**TASK STATEMENT**: Print word for word the records from the line containing "8454 W Catalpa Ave #2 — Photo 7" through the end.

(Crawled caption data)
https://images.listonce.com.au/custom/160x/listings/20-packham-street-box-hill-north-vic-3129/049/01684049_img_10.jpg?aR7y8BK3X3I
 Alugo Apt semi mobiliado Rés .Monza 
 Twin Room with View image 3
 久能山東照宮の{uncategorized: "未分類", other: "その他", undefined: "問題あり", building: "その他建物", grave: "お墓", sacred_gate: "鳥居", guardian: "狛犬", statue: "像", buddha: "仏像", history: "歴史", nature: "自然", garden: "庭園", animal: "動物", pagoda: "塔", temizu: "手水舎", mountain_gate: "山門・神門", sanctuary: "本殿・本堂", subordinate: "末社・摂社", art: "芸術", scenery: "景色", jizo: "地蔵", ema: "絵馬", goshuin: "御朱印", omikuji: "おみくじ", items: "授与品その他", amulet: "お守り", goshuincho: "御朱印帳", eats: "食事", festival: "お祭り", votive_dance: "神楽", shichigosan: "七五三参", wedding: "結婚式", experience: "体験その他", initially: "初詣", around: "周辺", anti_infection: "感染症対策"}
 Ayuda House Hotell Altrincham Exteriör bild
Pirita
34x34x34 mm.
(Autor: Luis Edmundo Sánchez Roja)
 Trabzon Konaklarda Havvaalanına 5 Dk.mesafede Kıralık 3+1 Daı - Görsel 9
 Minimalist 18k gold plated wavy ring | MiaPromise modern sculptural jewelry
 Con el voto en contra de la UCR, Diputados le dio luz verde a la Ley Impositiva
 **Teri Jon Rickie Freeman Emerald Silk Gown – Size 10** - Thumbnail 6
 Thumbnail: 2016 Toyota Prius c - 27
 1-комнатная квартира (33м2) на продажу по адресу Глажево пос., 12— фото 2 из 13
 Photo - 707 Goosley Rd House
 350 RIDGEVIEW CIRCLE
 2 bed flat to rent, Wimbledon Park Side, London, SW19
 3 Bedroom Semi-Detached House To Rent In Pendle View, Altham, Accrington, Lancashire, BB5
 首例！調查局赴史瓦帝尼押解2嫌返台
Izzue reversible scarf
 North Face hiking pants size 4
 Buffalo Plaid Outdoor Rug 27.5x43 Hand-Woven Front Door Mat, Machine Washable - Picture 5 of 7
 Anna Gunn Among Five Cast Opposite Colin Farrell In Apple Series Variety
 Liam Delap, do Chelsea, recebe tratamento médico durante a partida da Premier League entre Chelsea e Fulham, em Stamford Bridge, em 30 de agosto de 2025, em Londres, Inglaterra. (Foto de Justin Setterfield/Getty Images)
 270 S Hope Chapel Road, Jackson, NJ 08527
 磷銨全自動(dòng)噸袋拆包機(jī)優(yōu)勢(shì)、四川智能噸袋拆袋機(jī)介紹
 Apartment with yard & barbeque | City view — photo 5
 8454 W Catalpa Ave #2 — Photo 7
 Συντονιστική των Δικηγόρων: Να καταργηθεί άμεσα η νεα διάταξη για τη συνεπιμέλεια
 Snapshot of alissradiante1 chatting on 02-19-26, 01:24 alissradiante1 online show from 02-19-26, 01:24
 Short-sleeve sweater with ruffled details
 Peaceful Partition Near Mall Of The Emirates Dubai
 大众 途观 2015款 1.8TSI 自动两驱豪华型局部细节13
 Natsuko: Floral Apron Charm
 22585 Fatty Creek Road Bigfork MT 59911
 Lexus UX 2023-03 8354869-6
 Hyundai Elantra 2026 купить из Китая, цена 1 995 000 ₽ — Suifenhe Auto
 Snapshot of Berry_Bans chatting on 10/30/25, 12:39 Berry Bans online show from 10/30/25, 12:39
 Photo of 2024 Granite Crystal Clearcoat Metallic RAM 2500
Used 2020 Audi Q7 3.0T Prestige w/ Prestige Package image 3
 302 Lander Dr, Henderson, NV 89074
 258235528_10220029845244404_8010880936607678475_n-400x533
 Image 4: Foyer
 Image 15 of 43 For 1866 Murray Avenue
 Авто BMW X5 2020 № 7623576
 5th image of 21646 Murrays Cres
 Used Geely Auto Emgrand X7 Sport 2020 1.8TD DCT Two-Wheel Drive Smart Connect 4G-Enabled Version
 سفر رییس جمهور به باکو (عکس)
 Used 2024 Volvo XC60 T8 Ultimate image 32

**ANSWER BOX**:
 8454 W Catalpa Ave #2 — Photo 7
 Συντονιστική των Δικηγόρων: Να καταργηθεί άμεσα η νεα διάταξη για τη συνεπιμέλεια
 Snapshot of alissradiante1 chatting on 02-19-26, 01:24 alissradiante1 online show from 02-19-26, 01:24
 Short-sleeve sweater with ruffled details
 Peaceful Partition Near Mall Of The Emirates Dubai
 大众 途观 2015款 1.8TSI 自动两驱豪华型局部细节13
 Natsuko: Floral Apron Charm
 22585 Fatty Creek Road Bigfork MT 59911
 Lexus UX 2023-03 8354869-6
 Hyundai Elantra 2026 купить из Китая, цена 1 995 000 ₽ — Suifenhe Auto
 Snapshot of Berry_Bans chatting on 10/30/25, 12:39 Berry Bans online show from 10/30/25, 12:39
 Photo of 2024 Granite Crystal Clearcoat Metallic RAM 2500
Used 2020 Audi Q7 3.0T Prestige w/ Prestige Package image 3
 302 Lander Dr, Henderson, NV 89074
 258235528_10220029845244404_8010880936607678475_n-400x533
 Image 4: Foyer
 Image 15 of 43 For 1866 Murray Avenue
 Авто BMW X5 2020 № 7623576
 5th image of 21646 Murrays Cres
 Used Geely Auto Emgrand X7 Sport 2020 1.8TD DCT Two-Wheel Drive Smart Connect 4G-Enabled Version
 سفر رییس جمهور به باکو (عکس)
 Used 2024 Volvo XC60 T8 Ultimate image 32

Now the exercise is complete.